I'm linking this thread to the sand rinse thread ironically not because of a sandbed, but as a review of natural and expected detritus production.
You have no sandbed, so you're forced to clean daily to maintain -that scape-
And in the frustration you reveal the work required to maintain real estate, to prevent clogging of pores, stagnation, pockets of algae feed, the work you feel might be a harbinger is really just the key to an infinite lifespan no old tank syndrome reef.
This isn't stated in order to start an approach battle on clean vs detritus storage/sinking into the bed which is 'out of sight, out of mind'
It's stated because you've chosen to assemble a low detritus reef that people who are reading want. Those live rocks are apartment complexes for poopers lol you are making up for the fact an aquarium doesn't have the current nor the export to match the ocean, this cleaning isn't bad, it's a sign of a person not willing to lose an awesome scape to some scum invader mat or plant...by letting it sit, awaiting twenty days for a microscope + ID thread + random prescription for N and P levels as it takes over the whole tank
No, you are willing the surfaces clean routinely, we can see, even if you didn't describe it. Live rock from anyone's tank, if set in a white paint bucket for two hours, leaves detritus pellets behind
Sandbedders sink it, claim it to be mineralized eventually, and constitute every entrant into our tank saving threads.
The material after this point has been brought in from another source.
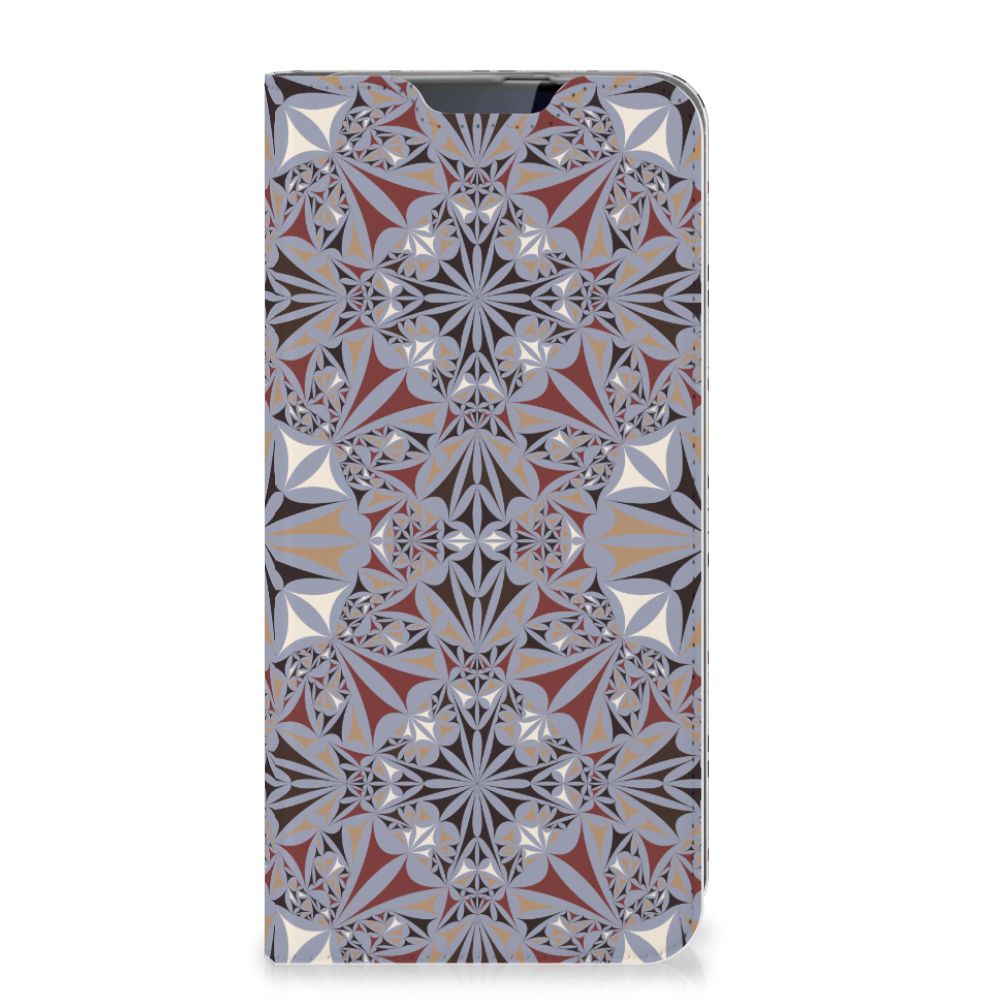 Samsung Galaxy A60 Standcase Flower Tiles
And then other tanks just simply never let the invasion cycle and alternating species of invasions begin, they're as clean as they need to be to force substrate (your rock) compliance
What's very possibly going on with your tank is that it's cycling through a small Invader every time we add corals from another system these things vector in
You can use better mechanical filtration to catch these particles inside of filter floss that is exported in cleaned or you can continue holding course either way your system is working great it's not in distress
This is the reason I only work with pico reefs, am not willing to expend the effort to correctly run a large tank with certainty... you are. It's the only way I know to reef that has 100% consistent outcome for attempts, at the expense of work though. I'm jealous of the lucky ones, hands off reefers who can age tanks that way but those approaches are also the sole entrants into our tank correction threads. The clean reefers apply the fix before hand, as a routine.